ABSTRACT
This Article discusses the torts chapter of the Third Conflicts Restatement (which was approved by the ALI in May 2023) and provides a roadmap for its application by courts, litigants, and office lawyers.
This chapter steers a middle ground between the broad inflexible rules of the First Restatement of 1934 and the exceedingly equivocal directives of the Second Restatement of 1971. It accurately captures the decisional patterns emerging in the more than forty U.S. jurisdictions that have abandoned the old lex loci delicti rule and joined the choice-of-law revolution of the 1960s. It recasts them into new narrow and ‘smart’ rules that incorporate the revolution’s methodological advances but without reproducing its excesses, such as Brainerd Currie’s undue forum favoritism or the implicit subjectivism of Robert Leflar’s better-law approach.

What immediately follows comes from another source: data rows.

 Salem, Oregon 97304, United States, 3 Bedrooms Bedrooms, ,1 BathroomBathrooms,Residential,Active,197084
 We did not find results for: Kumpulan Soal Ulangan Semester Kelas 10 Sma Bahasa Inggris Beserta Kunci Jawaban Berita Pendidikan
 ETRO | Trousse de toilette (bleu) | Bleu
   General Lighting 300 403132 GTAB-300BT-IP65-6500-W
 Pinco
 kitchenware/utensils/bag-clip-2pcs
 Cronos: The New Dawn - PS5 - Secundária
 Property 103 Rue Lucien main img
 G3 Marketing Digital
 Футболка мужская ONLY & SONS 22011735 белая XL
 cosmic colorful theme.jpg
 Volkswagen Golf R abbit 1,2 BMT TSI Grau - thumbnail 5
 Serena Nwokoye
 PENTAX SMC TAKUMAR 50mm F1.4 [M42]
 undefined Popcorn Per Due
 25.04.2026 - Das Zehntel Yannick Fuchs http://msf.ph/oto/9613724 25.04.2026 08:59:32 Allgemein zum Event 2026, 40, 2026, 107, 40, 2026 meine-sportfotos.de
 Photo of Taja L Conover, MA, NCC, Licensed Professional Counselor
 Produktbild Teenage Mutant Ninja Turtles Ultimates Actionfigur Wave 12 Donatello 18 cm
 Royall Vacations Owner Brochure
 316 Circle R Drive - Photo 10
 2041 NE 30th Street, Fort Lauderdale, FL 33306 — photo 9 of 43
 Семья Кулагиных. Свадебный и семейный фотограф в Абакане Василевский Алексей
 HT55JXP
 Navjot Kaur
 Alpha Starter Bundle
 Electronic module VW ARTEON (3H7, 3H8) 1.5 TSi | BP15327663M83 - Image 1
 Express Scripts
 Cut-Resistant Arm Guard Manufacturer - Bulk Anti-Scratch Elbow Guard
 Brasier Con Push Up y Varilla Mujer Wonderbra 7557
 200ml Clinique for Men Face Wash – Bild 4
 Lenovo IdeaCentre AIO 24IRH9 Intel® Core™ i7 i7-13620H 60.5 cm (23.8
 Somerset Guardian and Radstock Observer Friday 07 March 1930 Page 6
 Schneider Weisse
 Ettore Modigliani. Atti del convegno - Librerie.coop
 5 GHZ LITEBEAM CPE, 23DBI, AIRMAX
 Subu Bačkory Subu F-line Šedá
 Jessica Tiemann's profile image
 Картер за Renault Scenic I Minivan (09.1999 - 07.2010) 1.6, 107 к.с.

The most noteworthy features of these rules include: (1) the distinction between conduct-regulating and loss-allocating tort rules; (2) the application of the law of the parties’ common domicile in loss-allocation conflicts; (3) a rule giving victims of cross-border torts the option of requesting the application of the law of the state of injury, if the occurrence of the injury there was objectively foreseeable; and (4) the general notion that the choice of the applicable law should depend not only on a state’s territorial contacts, but also on the content of its law.
Symeonides, Symeon, The Torts Chapter of the Third Conflicts Restatement: A Roadmap (October 17, 2023), 88 Rabels Zeitschrift für ausländisches und internationales Privatrecht (RabelsZ) (2024).